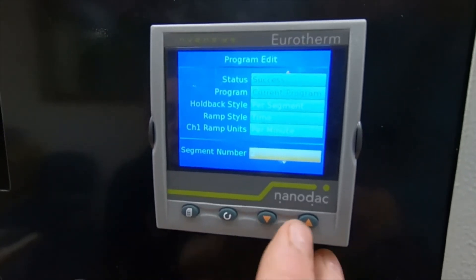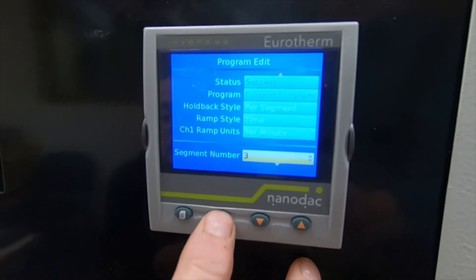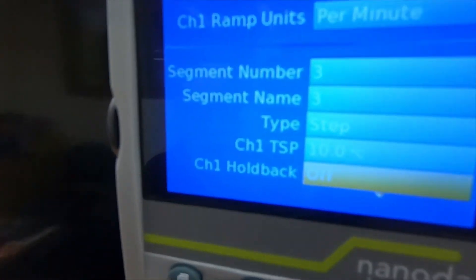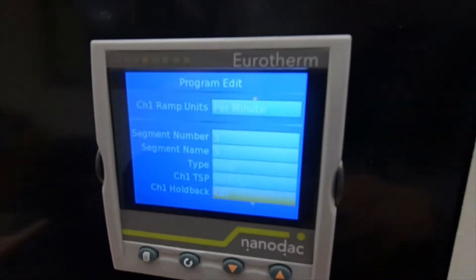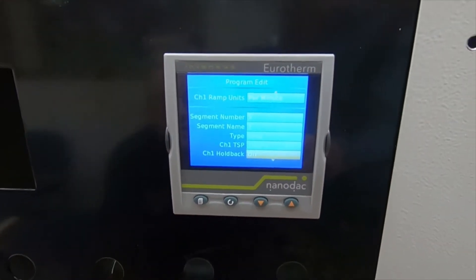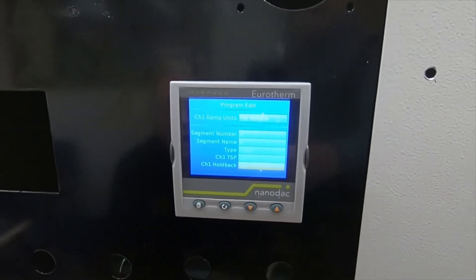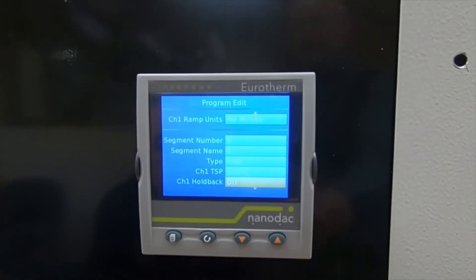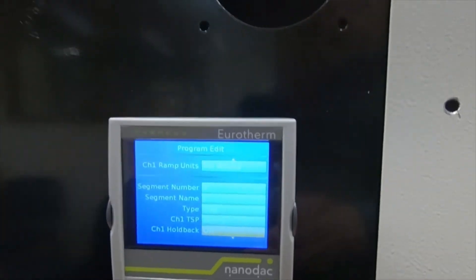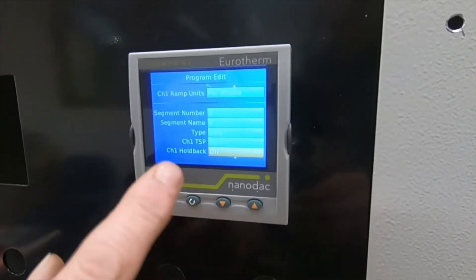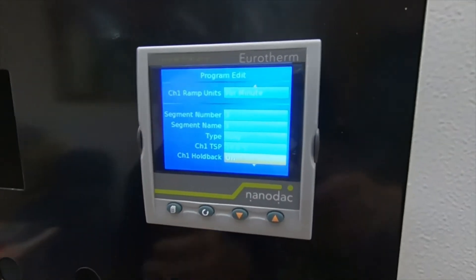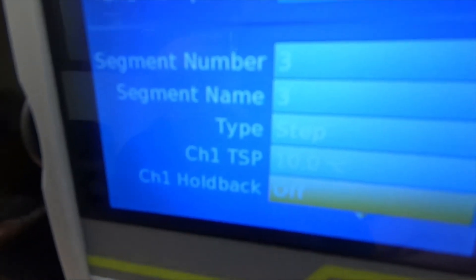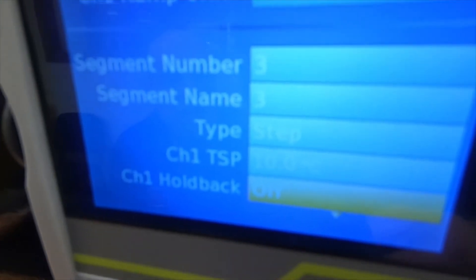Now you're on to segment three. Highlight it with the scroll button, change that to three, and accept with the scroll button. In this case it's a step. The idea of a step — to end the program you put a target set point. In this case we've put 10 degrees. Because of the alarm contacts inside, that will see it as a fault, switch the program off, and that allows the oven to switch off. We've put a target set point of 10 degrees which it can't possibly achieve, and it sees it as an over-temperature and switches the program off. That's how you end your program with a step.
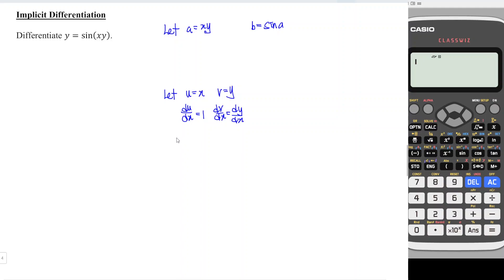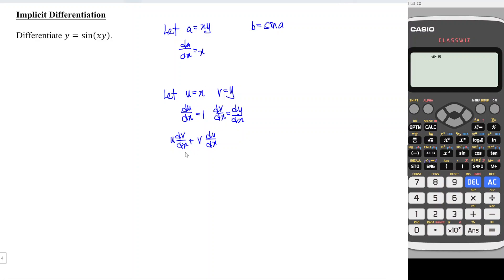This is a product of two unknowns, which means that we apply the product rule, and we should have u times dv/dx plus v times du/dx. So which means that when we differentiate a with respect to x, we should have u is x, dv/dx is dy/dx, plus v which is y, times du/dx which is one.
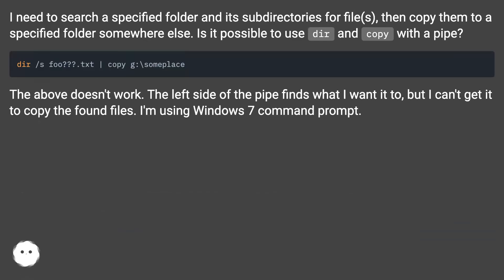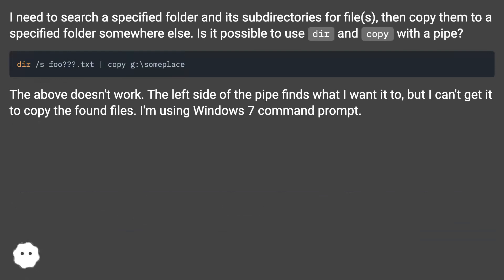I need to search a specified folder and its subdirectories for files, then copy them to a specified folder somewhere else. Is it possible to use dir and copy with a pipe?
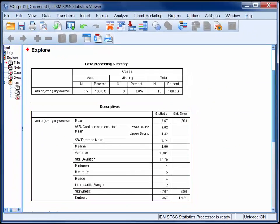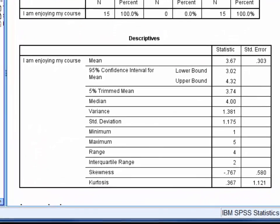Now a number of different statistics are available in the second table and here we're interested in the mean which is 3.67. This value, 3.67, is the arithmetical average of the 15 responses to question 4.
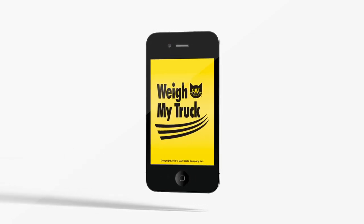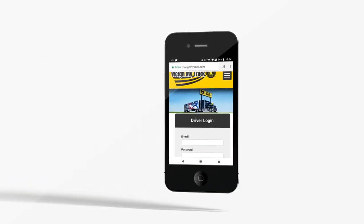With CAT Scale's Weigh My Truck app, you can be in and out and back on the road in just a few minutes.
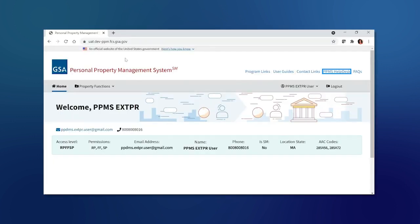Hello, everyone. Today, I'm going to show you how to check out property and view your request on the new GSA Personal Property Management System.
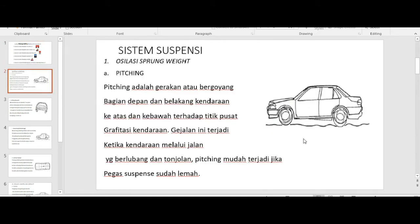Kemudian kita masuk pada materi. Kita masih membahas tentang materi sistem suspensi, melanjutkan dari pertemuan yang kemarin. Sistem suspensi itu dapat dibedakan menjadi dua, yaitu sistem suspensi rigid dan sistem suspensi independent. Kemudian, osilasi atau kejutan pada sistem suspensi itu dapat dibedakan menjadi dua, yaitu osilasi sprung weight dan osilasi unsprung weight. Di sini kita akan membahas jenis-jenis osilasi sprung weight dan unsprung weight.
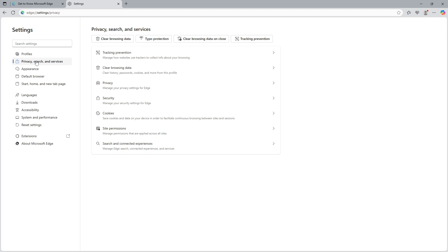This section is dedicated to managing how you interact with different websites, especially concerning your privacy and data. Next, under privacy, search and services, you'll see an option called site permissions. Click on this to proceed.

-----

_What needs to be done:_
Pictures in the data above should not be copied; transcribe everything else exactly.

_Output for this task:_
Now you're on to segment three. Highlight it with the scroll button, change that to three, and accept with the scroll button. In this case it's a step. The idea of a step — to end the program you put a target set point. In this case we've put 10 degrees. Because of the alarm contacts inside, that will see it as a fault, switch the program off, and that allows the oven to switch off. We've put a target set point of 10 degrees which it can't possibly achieve, and it sees it as an over-temperature and switches the program off. That's how you end your program with a step.
This is a product of two unknowns, which means that we apply the product rule, and we should have u times dv/dx plus v times du/dx. So which means that when we differentiate a with respect to x, we should have u is x, dv/dx is dy/dx, plus v which is y, times du/dx which is one.
I need to search a specified folder and its subdirectories for files, then copy them to a specified folder somewhere else. Is it possible to use dir and copy with a pipe?
Now a number of different statistics are available in the second table and here we're interested in the mean which is 3.67. This value, 3.67, is the arithmetical average of the 15 responses to question 4.
With CAT Scale's Weigh My Truck app, you can be in and out and back on the road in just a few minutes.
Hello, everyone. Today, I'm going to show you how to check out property and view your request on the new GSA Personal Property Management System.
Kemudian kita masuk pada materi. Kita masih membahas tentang materi sistem suspensi, melanjutkan dari pertemuan yang kemarin. Sistem suspensi itu dapat dibedakan menjadi dua, yaitu sistem suspensi rigid dan sistem suspensi independent. Kemudian, osilasi atau kejutan pada sistem suspensi itu dapat dibedakan menjadi dua, yaitu osilasi sprung weight dan osilasi unsprung weight. Di sini kita akan membahas jenis-jenis osilasi sprung weight dan unsprung weight.
This section is dedicated to managing how you interact with different websites, especially concerning your privacy and data. Next, under privacy, search and services, you'll see an option called site permissions. Click on this to proceed.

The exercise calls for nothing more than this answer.